▶ What to do:
Everything in the listing below must be reproduced exactly, apart from its images.

▶ Records shown:
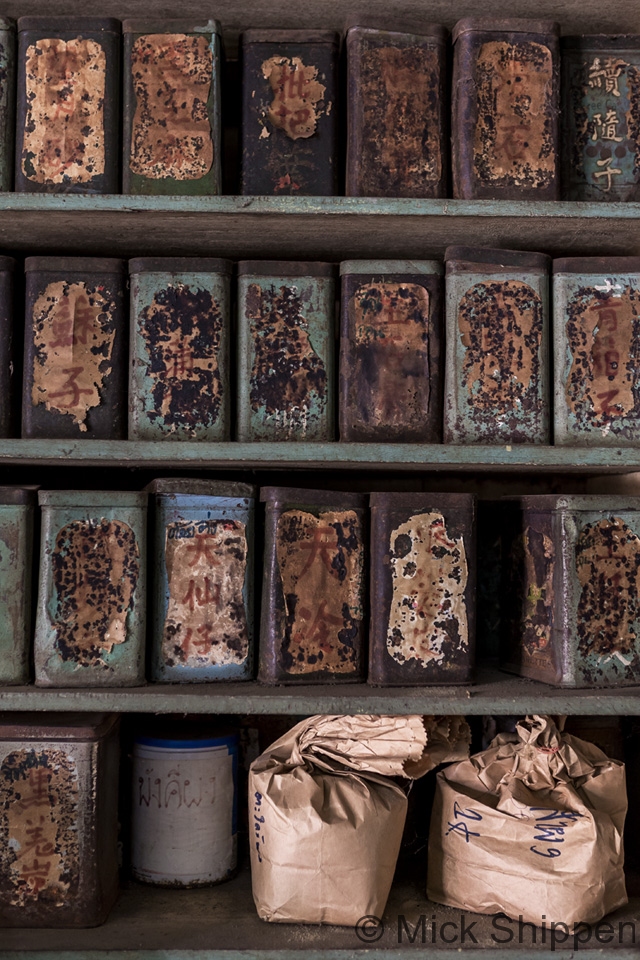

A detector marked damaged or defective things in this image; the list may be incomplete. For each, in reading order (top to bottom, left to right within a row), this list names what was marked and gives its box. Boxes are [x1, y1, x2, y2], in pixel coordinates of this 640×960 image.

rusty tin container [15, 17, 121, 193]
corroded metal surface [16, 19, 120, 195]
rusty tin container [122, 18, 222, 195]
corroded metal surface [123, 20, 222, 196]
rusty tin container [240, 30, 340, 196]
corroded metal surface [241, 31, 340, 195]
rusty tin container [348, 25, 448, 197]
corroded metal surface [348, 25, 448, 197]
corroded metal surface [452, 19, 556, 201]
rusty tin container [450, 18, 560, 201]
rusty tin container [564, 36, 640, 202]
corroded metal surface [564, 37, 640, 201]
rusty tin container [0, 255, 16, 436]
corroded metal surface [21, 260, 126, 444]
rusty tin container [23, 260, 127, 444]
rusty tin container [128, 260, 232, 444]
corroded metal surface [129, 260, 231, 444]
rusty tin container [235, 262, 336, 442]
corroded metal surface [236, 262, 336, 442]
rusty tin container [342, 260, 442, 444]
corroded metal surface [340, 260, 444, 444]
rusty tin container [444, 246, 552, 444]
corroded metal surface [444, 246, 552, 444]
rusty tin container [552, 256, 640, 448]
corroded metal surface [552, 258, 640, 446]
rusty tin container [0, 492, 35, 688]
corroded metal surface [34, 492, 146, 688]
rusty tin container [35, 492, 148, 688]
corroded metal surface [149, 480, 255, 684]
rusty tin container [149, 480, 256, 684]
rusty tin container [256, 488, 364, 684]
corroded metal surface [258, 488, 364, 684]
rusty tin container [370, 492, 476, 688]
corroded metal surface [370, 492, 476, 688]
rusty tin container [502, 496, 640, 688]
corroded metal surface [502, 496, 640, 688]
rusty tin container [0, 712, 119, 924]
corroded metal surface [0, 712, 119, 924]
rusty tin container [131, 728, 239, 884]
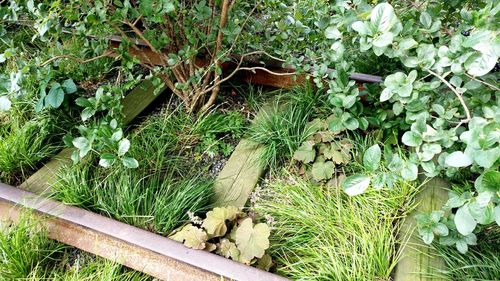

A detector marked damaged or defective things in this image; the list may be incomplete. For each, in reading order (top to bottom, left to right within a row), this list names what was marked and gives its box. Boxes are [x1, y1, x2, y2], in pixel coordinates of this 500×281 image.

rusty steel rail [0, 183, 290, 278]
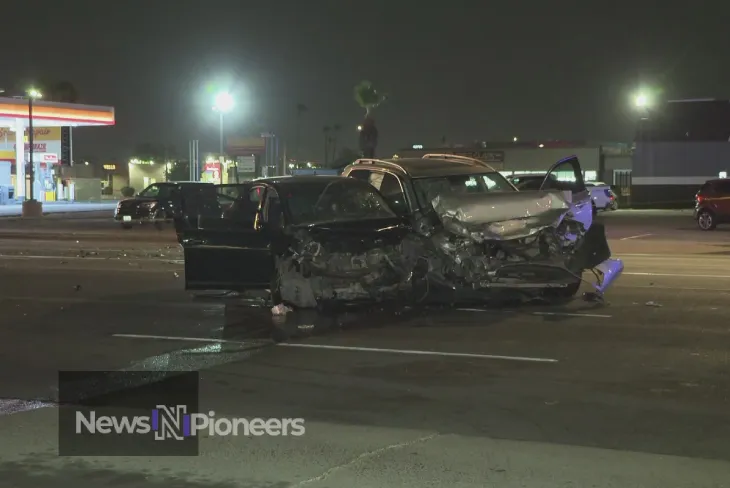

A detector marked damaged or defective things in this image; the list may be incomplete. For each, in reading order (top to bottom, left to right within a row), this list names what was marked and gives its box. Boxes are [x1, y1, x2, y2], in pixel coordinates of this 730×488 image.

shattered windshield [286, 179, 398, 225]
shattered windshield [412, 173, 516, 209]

▶ Answer for this exercise:
A detector marked damaged or defective things in this image; the list may be incomplete. For each, in reading order (top to bottom, left to right within a row), this list names what was marked and gives its box. Boxes are [x1, y1, x2, y2], in pixel coordinates of this 640×960 image.

rusty tin container [15, 17, 121, 193]
corroded metal surface [16, 19, 120, 195]
rusty tin container [122, 18, 222, 195]
corroded metal surface [123, 20, 222, 196]
rusty tin container [240, 30, 340, 196]
corroded metal surface [241, 31, 340, 195]
rusty tin container [348, 25, 448, 197]
corroded metal surface [348, 25, 448, 197]
corroded metal surface [452, 19, 556, 201]
rusty tin container [450, 18, 560, 201]
rusty tin container [564, 36, 640, 202]
corroded metal surface [564, 37, 640, 201]
rusty tin container [0, 255, 16, 436]
corroded metal surface [21, 260, 126, 444]
rusty tin container [23, 260, 127, 444]
rusty tin container [128, 260, 232, 444]
corroded metal surface [129, 260, 231, 444]
rusty tin container [235, 262, 336, 442]
corroded metal surface [236, 262, 336, 442]
rusty tin container [342, 260, 442, 444]
corroded metal surface [340, 260, 444, 444]
rusty tin container [444, 246, 552, 444]
corroded metal surface [444, 246, 552, 444]
rusty tin container [552, 256, 640, 448]
corroded metal surface [552, 258, 640, 446]
rusty tin container [0, 492, 35, 688]
corroded metal surface [34, 492, 146, 688]
rusty tin container [35, 492, 148, 688]
corroded metal surface [149, 480, 255, 684]
rusty tin container [149, 480, 256, 684]
rusty tin container [256, 488, 364, 684]
corroded metal surface [258, 488, 364, 684]
rusty tin container [370, 492, 476, 688]
corroded metal surface [370, 492, 476, 688]
rusty tin container [502, 496, 640, 688]
corroded metal surface [502, 496, 640, 688]
rusty tin container [0, 712, 119, 924]
corroded metal surface [0, 712, 119, 924]
rusty tin container [131, 728, 239, 884]

A detector marked damaged or defective things in this image; the list may be incomplete. For each, in reading order (top to bottom, left to right within a row), this list names what was marked and gives its box. Boxes are [x1, y1, x2, y2], in pixel coordinates of this 500×281 image.

rusty steel rail [0, 183, 290, 278]

A detector marked damaged or defective things in this image; the list may be incomplete. For each, in reading order (top to bottom, left to right within a row), this list names what was marked and gives its box. Boxes are [x1, y1, x2, y2], in pixel coordinates of this 730×488 image.

shattered windshield [286, 179, 398, 225]
shattered windshield [412, 173, 516, 209]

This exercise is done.